Documents associated with: ink, black
Record 2 of 3
System Number: 05860
Date: [3/5 April 1889?]
Recipient: Henry Labouchere
Repository: Glasgow University Library
Call Number: MS Whistler T205
Document Type: MsLd
You certainly must have the following correspondence in its entirety; for it seems most proper that in the columns of Truth, where fearlessly the crimes of Respectability are exposed, should be recorded the details of an incident in which the element of grave offence is, not unnaturally, quite missed by the daily papers in their indignation at the insignificance of the object to which public attention has so unwarrantably been drawn - a "Notice Board"! - the common sign of commerce!
Now, however slight might be the value of the work in question, destroyed, it is surely of startling interest to know that work may be destroyed, or worse still, defaced and tampered with at the present moment, in full London, with the joyous approval of the major part of the popular press.
I leave to your comment the fact that, in this instance the act is committed, with the tacit consent of a body of gentlemen officially styled "Artists," at the instigation of their President as he unblushingly acknowledges,
and there I will distinctly state (and this though in principle irrelevant, - [for what becomes of the soul of a "Diocesan Member of the Council of Clapham" is artistically a matter of small moment,] is [I now see is, the only evidence that will at present be at all considered or even understood]) that the "notice board of the Royal Society of British Artists" did not "bear on a red ground, in letters of gold, the title of the Society" - and that "to this Mr Whistler during his Presidency" did not "add with his own hand a decorative device of a lion and a butterfly".
The "notice board" was of the familiar blue enamel, well known in Metropolitan use, with white lettering, announcing that the exhibition of the Incorporated Society of British Artists was held below, and that for the sum of one shilling the public might enter.
I myself mixed the "red ground", and myself placed, "in letters of gold the" new "title" upon it - in proper relation to the decorative scheme of the whole design, of which it formed naturally an all important feature.

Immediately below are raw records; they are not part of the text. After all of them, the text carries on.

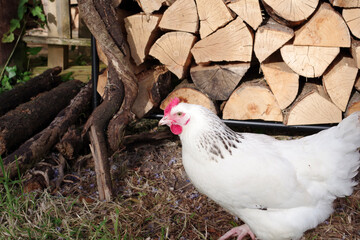 Poule blanche devant un tas de bois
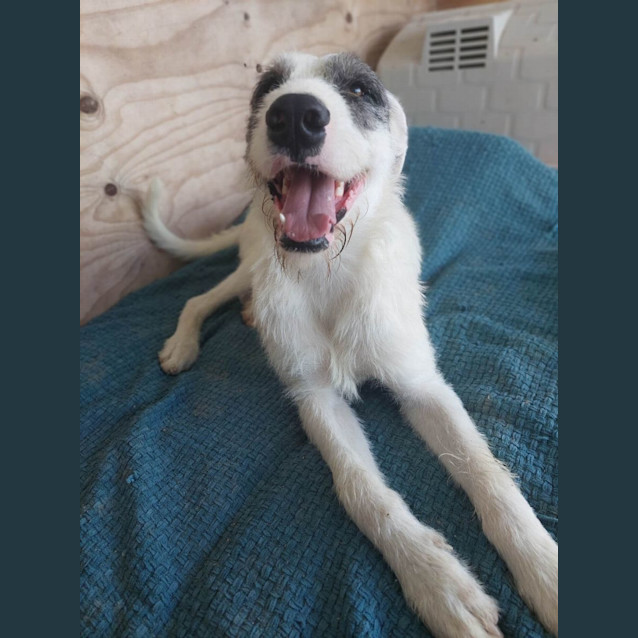 Photo of Murphy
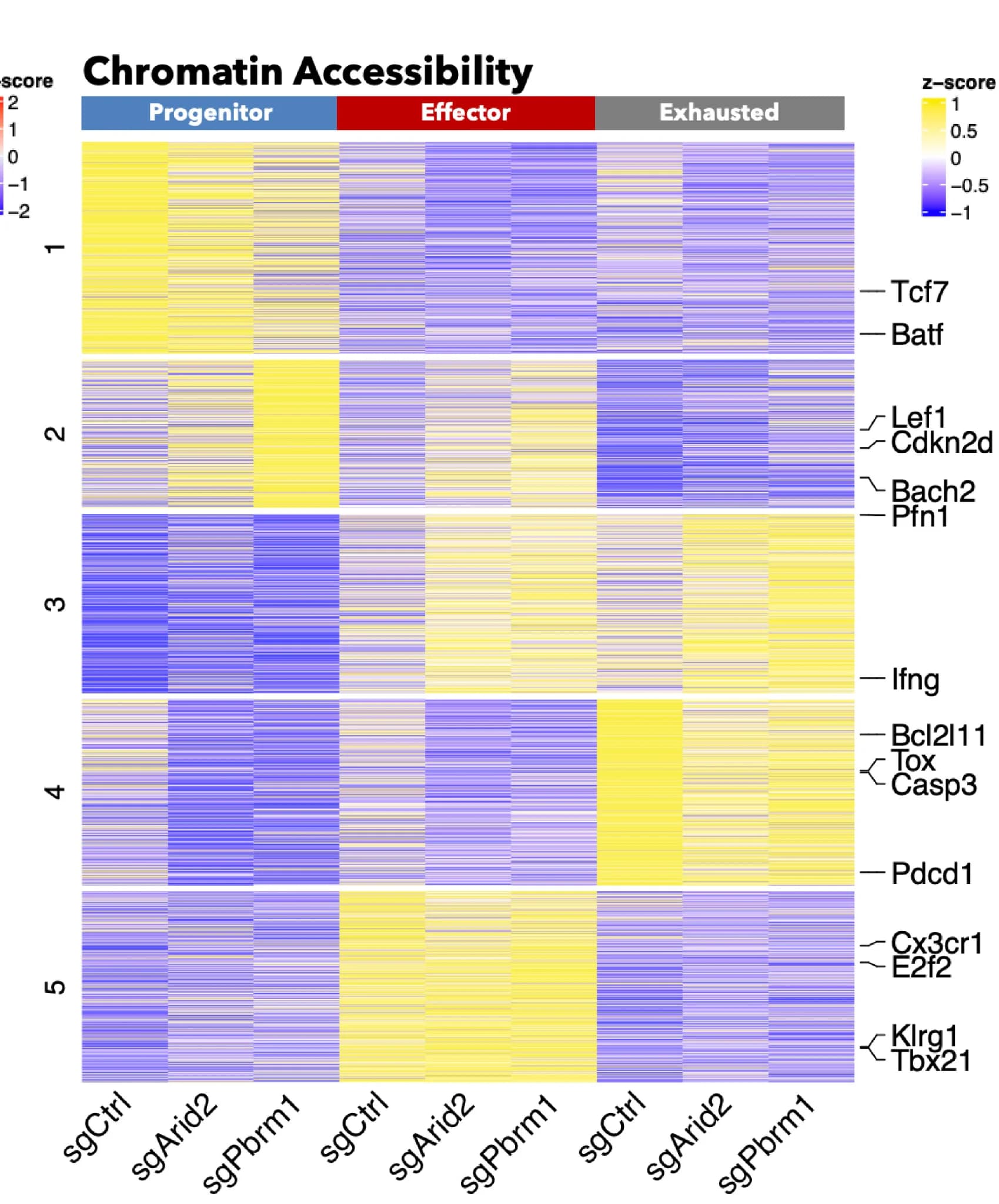 Open access visualization of Heatmap, Differentially Expressed Chromatin Regions, sgCtrl, sgArid2, sgPbrm1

The date was that of the Society's Royal Grant, and in commemoration of its new birth. With the offending Butterfly it has now been effaced in one clean sweep of independence, while the Lion, "not so badly drawn," was differently dealt with - it was found not "necessary to do anything more than restore it in permanent colour, and that," with a bottle of Brunswick black, "has accordingly been done" - and, as Mr Bayliss adds, with absolute truth,
and in the careless pride of achievement, "the notice board was no longer the actual work of Mr Whistler"!
This word was written in pencil in another hand at the top left corner but does not seem relevant to the letter.
5. Notice Board
JW had painted a new notice board for the Society of British Artists when they were awarded the title 'Royal' during his Presidency in 1887.
This word was underlined a second time in pencil. Further additions and deletions on this sheet are also in pencil.
JW was elected President of the SBA on 1 June 1886 and took office in December. He was forced to resign on 4 June 1888 but retained the post until November.
8. lion and a butterfly
The lion was the Royal emblem, and the butterfly, JW's monogram. JW designed a lion for the RBA notepaper and catalogues, as well as for the signboard.
9. Royal Grant
On the occasion of Queen Victoria's fiftieth Jubilee, on 20 June 1887, JW sent her an illuminated Address on behalf of the SBA (see M.1133-6). On 27 July he attended the Naval Review at Spithead. He made a set of twelve etchings, the 'Naval Review set', (K. 316-331) that was presented to the Queen in a specially designed album (see M.1132-3, 1138-45). JW then sent a Memorial to the Queen requesting that the Society be called 'Royal'. The SBA received a Royal Charter, thus becoming the Royal Society of British Artists (RBA).
10. Brunswick black
Brunswick Black ink dried to an enamel like surface. It was used for covering etching plates, so that the lines scraped with the etching needle would show clearly as copper lines against the black surface.